The Ingenuity Helicopter safely landed on Mars’ soil. It was mounted within the Perseverance rover, which landed on Mars on February 18. Ingenuity, when attached to Perseverance, uses the rover’s nuclear-powered mechanism to charge itself and remain warm.
After separation, Ingenuity will use its solar panel device installed on top of it to produce solar energy to keep itself warm. The big challenge now is to keep Ingenuity alive during the cold nights on Mars, where temperatures will drop to -130 degrees Fahrenheit.
While Ingenuity is equipped with its heater, It is to be seen if it is up to the challenge says NASA’s chief engineer for the Mars project.

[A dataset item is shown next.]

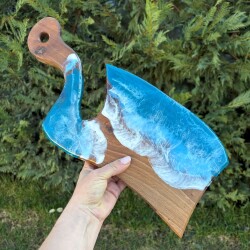 Дървена дъска от орех с епоксидна смола – за рязане и сервиране 008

It will take off for the first time on April 11th. The results of that test will be available to the public on April 12.
The $85 million helicopters is the first to be sent to another planet and will be used to test technology for potential flying vehicles on other worlds.
It carries two cameras, both to be used by the Perseverance rover, to record their flights.
Now, what’s Next?
NASA’s team will track temperatures and battery recharge efficiency over the next few days.
If all goes according to plan, further checks would be performed, including unlocking the rotor blades and checking all of the motors and sensors. It will hover for about 20-30 seconds just above the surface before coming to a stop on its maiden flight.
If everything went as per plan, the team will pass on four more tests within a month, each of which will progressively push the limits of distance and altitude. The jet propulsion laboratory’s flight controllers won’t be able to control Ingenuity when it’s in the air.
Owing to substantial gaps in messaging, instructions will be forwarded in advance and the team won’t know how the flight has been until its completion. It can decide for itself how to fly and keep warm.